Kepada Tim Redaksi Bataminfo, Yoseb mengungkapkan bahwa dirinya juga termasuk salah satu Karyawan terlama yang bekerja di PT ITS. Meski begitu, kini Yoseb terpaksa beralih pekerjaan menjadi tukang ojek demi menafkahi keluarganya.
Yoseb diketahui memiliki tiga orang anak yang kini berada di bangku kuliah dan sekolah dasar (SD). Dengan usianya yang kini menginjak 48 tahun, ditambah lagi dengan penghasilan hanya 100 ribu rupiah, itu pun tak tentu ia peroleh setiap harinya. Meski tidak mencukupi, namun ia terus berjuang untuk memenuhi kebutuhan keluarganya.

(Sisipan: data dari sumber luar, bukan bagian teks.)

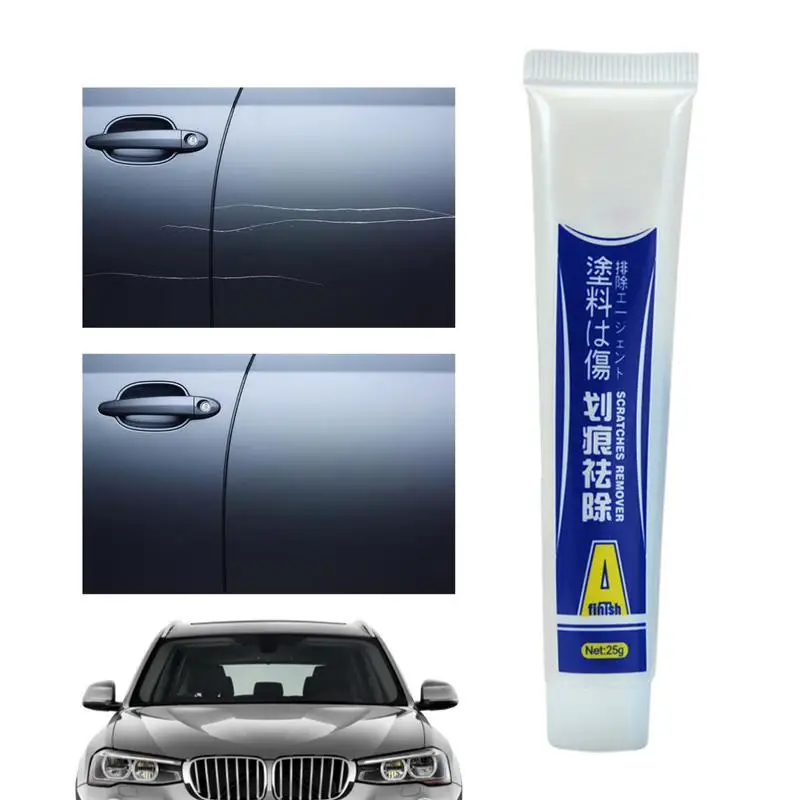 

Car Scratch Repair Paste Car Scratch Remover Polishing Paste Body Composite Wax Paint Repair Compound Paste for cars vehicles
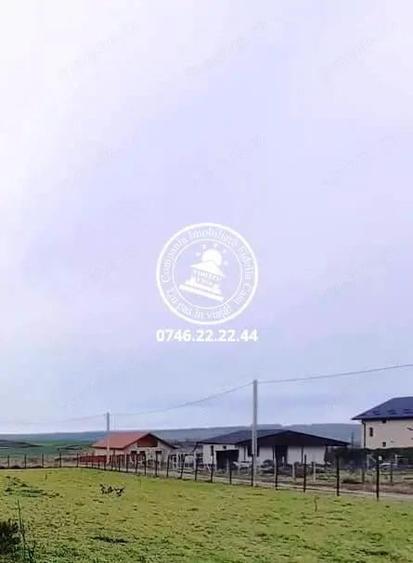 Teren vanzare Breazu - 1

Disamping itu, Yoseb dan teman-temannya pun terus memperjuangkan hak mereka kepada PT ITS yang merupakan anak cabang dari Salim Group itu.
“Saya berangkat tahun 96 bulan 8. Saya mampir di Padang 1 bulan. Lalu nyampe di Batam nganggur dan baru bekerja di bulan 10 di PT ITS sampai kasus kemren. Udah lama saya kerja di sini (PT ITS). Waktu itu saya berangkat dari garut Jawa Barat. Sekarang saya cari nafkah dari ojek online. Anak saya ada 3. Baru masuk kuliah 1, kelas 3 SD sama kelas 2 SD. Penghasilan saya cuma 100 ribu rupiah per hari. Sangat… sangat tidak mencukupi. Sedangkan usia saya sekarang sudah masuk 48 tahun,” terangnya.
Mereka berharap, perjuangannya yang sudah cukup lama dan melelahkan ini segera membuahkan hasil, sebagaimana yang diharapkan.